Web page caption snippets
---*---

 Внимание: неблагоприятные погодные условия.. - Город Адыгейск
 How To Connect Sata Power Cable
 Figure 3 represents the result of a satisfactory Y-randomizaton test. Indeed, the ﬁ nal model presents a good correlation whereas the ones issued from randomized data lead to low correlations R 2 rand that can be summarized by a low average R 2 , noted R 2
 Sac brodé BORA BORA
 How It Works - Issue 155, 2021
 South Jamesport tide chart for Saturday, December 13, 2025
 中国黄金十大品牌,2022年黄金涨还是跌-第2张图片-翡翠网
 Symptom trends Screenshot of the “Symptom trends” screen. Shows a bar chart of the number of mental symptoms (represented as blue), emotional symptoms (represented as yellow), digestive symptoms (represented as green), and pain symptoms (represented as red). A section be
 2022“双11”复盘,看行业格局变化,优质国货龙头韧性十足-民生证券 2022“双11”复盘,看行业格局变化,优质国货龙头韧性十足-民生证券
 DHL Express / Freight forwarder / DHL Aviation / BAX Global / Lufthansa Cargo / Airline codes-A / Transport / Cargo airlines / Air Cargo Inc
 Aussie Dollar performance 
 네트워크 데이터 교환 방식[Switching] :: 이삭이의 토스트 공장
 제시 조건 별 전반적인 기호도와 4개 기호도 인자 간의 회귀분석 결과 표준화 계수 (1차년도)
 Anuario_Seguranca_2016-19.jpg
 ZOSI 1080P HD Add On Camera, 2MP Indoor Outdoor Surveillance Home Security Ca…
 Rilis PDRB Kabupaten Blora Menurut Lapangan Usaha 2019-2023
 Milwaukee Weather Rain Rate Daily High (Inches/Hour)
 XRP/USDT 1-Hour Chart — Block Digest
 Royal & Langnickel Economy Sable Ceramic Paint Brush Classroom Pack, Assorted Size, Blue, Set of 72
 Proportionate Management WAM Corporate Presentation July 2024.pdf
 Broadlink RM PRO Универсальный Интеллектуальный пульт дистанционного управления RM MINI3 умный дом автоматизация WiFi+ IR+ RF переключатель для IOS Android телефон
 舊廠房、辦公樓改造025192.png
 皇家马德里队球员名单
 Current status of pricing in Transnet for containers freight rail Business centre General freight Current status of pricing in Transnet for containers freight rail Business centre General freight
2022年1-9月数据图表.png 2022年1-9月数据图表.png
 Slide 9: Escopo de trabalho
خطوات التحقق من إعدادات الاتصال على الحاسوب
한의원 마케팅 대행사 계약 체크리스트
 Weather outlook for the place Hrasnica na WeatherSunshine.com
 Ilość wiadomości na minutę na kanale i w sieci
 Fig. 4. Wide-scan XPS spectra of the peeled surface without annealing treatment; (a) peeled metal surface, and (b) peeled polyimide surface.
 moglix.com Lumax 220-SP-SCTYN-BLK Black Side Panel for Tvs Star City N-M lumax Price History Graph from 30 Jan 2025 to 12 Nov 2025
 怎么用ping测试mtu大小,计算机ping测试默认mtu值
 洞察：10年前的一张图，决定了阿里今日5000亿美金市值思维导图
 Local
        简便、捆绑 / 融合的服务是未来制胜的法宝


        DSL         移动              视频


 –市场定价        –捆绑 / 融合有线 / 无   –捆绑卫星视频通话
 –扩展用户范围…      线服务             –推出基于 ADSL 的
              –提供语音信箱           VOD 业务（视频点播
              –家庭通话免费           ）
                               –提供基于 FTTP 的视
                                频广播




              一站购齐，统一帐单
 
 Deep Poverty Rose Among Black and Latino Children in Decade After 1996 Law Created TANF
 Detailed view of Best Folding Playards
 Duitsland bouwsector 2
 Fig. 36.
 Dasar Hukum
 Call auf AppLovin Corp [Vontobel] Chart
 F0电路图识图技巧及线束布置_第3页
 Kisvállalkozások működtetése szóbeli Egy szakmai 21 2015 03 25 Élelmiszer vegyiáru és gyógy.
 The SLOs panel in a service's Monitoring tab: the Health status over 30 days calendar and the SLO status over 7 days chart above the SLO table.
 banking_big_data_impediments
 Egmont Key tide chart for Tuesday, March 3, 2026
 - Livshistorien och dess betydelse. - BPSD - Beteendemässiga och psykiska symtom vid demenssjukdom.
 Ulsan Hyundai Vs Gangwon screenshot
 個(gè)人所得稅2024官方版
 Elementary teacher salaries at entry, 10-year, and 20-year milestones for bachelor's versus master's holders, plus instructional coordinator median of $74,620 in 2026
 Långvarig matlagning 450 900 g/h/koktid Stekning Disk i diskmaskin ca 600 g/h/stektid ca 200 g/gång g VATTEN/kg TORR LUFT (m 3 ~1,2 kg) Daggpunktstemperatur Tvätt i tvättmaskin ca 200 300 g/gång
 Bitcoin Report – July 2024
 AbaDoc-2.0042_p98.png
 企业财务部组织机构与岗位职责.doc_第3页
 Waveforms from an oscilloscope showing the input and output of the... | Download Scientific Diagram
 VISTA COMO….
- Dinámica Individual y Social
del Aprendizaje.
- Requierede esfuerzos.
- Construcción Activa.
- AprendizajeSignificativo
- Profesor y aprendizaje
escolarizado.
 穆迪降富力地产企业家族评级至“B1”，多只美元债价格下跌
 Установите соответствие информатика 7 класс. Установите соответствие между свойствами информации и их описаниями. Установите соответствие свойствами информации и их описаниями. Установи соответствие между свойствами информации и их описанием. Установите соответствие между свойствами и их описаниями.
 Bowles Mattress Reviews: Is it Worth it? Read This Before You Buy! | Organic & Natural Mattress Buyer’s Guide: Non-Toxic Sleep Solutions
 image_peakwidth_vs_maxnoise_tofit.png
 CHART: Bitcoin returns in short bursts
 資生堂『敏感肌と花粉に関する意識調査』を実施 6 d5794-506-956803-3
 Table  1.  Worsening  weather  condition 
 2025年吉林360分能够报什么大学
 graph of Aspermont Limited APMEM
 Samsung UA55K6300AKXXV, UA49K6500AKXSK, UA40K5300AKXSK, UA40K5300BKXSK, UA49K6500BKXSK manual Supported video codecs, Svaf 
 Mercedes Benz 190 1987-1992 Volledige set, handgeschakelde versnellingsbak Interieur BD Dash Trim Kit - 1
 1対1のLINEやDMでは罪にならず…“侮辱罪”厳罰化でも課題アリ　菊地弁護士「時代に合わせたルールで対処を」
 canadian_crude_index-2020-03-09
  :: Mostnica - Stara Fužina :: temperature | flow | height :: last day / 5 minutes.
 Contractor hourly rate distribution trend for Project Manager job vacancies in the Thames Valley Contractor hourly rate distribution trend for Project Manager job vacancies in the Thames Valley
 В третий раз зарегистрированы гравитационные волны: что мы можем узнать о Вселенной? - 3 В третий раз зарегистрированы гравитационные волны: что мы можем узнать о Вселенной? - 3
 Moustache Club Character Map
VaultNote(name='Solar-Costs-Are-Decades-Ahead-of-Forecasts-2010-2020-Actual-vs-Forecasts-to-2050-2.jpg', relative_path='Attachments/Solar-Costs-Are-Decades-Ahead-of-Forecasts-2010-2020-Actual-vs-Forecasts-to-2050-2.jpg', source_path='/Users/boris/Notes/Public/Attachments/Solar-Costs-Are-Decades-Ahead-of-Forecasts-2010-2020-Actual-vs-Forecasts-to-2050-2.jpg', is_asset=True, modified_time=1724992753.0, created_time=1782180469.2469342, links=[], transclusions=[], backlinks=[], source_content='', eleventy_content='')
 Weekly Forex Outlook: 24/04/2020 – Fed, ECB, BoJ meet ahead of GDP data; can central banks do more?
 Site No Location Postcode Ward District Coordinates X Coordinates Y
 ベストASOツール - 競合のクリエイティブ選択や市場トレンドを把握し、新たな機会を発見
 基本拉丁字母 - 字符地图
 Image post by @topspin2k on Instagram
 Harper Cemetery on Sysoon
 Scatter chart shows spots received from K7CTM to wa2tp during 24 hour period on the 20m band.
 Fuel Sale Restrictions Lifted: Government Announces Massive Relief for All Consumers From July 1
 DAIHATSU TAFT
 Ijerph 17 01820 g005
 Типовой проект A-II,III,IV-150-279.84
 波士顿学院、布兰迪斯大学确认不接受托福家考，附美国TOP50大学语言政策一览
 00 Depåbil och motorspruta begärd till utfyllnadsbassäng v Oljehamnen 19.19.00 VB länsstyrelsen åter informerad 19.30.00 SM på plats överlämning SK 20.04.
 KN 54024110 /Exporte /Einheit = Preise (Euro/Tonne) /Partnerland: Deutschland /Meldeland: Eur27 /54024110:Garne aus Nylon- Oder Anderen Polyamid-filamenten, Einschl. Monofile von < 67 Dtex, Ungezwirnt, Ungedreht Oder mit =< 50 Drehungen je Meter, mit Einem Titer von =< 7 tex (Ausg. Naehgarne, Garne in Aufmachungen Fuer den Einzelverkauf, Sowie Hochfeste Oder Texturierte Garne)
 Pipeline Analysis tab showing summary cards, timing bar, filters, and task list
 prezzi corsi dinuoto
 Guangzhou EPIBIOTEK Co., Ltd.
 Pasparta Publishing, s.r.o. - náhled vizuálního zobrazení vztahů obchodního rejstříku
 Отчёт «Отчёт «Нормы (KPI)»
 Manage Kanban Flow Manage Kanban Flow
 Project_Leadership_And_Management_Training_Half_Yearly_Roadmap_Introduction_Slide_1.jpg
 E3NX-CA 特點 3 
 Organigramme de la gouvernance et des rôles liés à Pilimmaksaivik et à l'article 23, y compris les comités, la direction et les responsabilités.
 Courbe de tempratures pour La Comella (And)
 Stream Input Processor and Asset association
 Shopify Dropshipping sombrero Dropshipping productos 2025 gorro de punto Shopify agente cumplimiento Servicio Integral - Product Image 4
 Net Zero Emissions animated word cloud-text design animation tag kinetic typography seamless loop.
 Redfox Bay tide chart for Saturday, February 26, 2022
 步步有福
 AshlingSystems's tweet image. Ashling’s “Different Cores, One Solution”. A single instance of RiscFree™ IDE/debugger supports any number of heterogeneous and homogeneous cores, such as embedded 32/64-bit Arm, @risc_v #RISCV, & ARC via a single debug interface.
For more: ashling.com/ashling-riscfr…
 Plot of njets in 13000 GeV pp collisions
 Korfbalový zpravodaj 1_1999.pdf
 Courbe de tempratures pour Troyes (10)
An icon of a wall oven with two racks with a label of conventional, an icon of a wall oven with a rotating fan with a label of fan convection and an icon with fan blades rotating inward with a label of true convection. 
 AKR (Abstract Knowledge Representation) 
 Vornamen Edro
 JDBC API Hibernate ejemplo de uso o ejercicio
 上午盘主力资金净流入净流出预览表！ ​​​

---*---

EXERCISE AIM |
Your answer should consist of the lines above that hold the word "status", copied exactly.

EXPECTED OUTPUT |
 Current status of pricing in Transnet for containers freight rail Business centre General freight Current status of pricing in Transnet for containers freight rail Business centre General freight
 The SLOs panel in a service's Monitoring tab: the Health status over 30 days calendar and the SLO status over 7 days chart above the SLO table.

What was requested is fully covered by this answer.